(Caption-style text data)
Start of Block

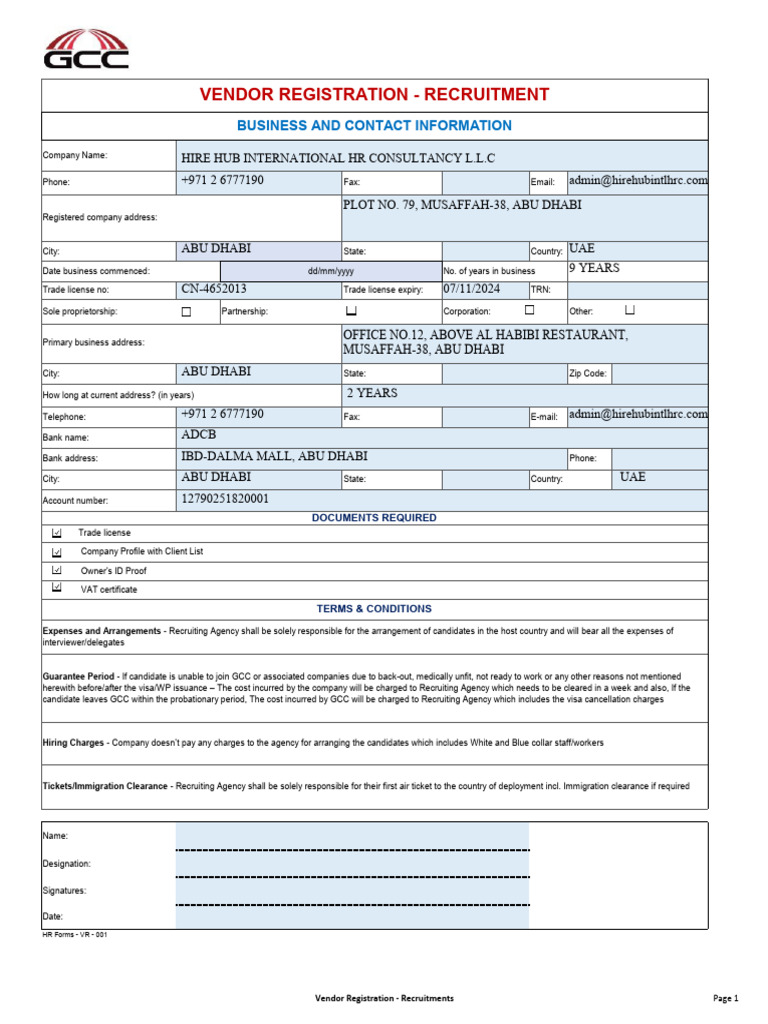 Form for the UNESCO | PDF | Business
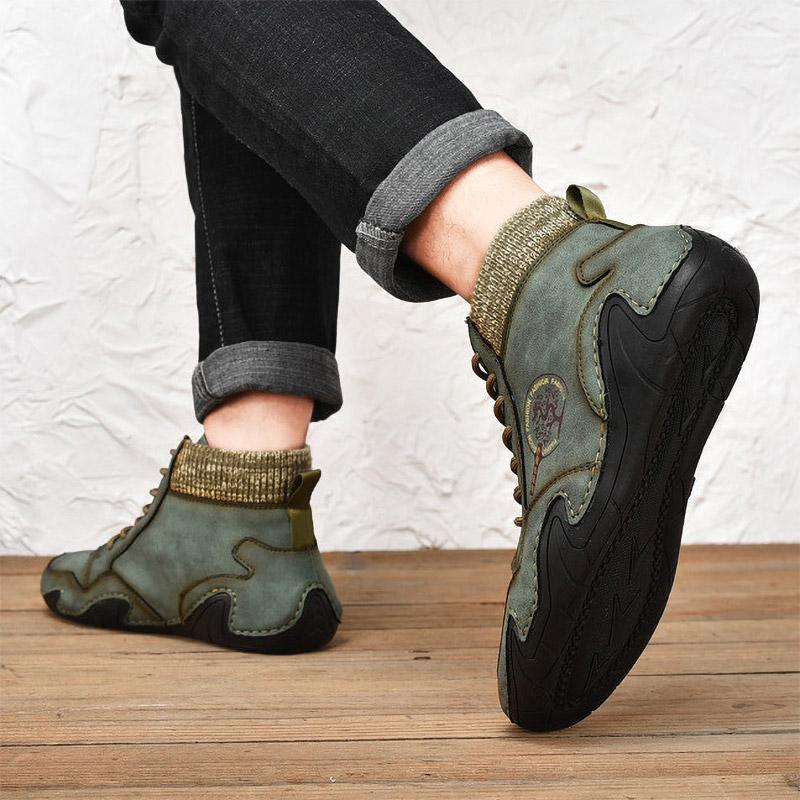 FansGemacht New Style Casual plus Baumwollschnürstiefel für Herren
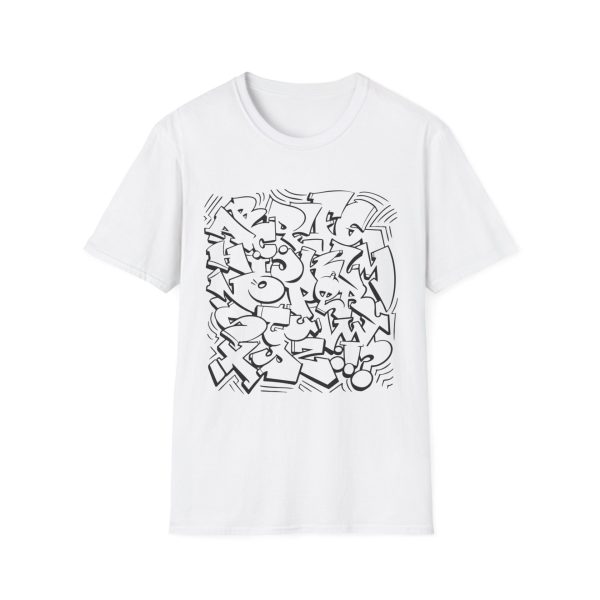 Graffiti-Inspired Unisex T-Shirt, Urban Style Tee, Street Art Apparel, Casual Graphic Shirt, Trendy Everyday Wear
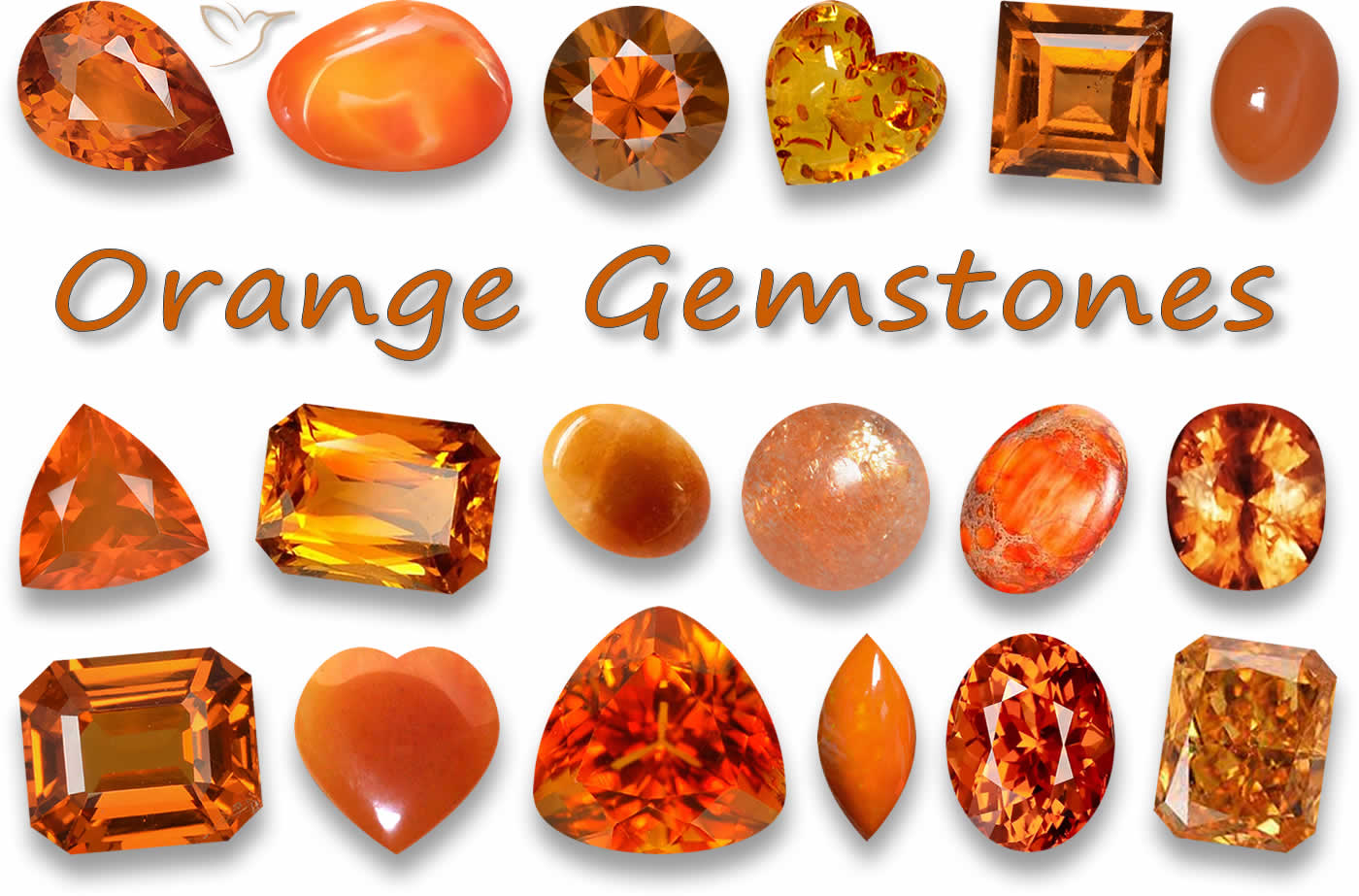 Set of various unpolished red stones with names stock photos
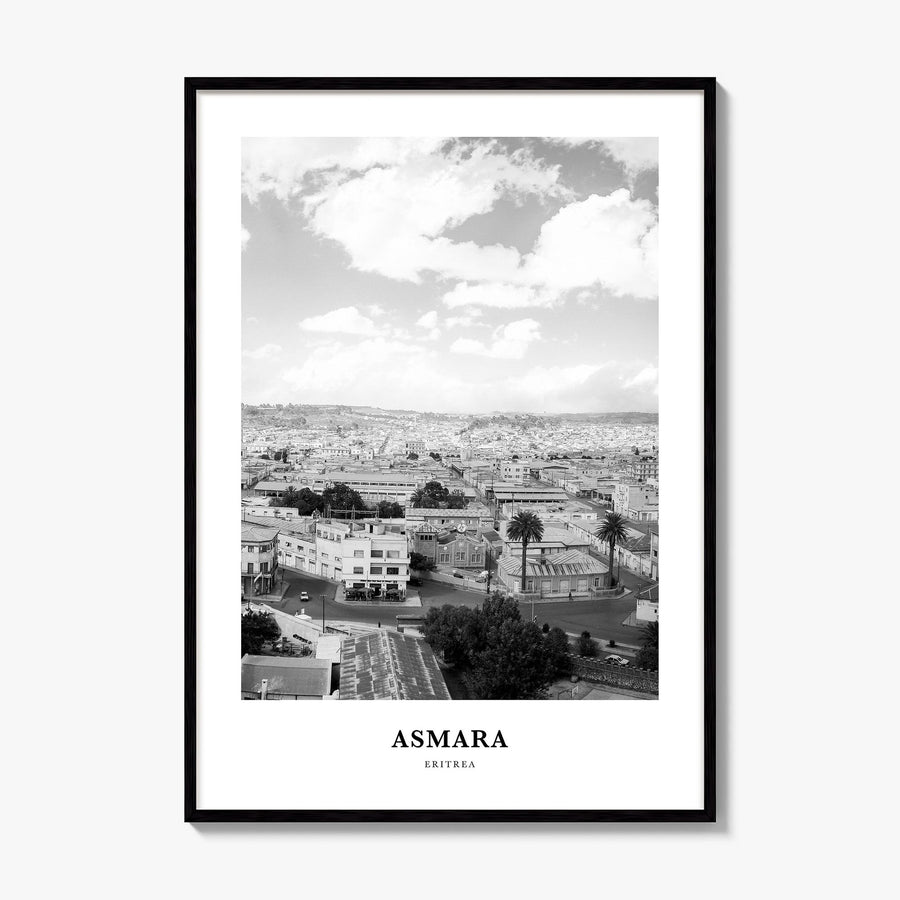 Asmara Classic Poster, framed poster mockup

End of Block

- _EXERCISE REQUIREMENTS_:
Each line above should be printed again exactly, though the pictures should not be.

- _TASK SOLUTION_:
 Form for the UNESCO | PDF | Business
 FansGemacht New Style Casual plus Baumwollschnürstiefel für Herren
 Graffiti-Inspired Unisex T-Shirt, Urban Style Tee, Street Art Apparel, Casual Graphic Shirt, Trendy Everyday Wear
 Set of various unpolished red stones with names stock photos
 Asmara Classic Poster, framed poster mockup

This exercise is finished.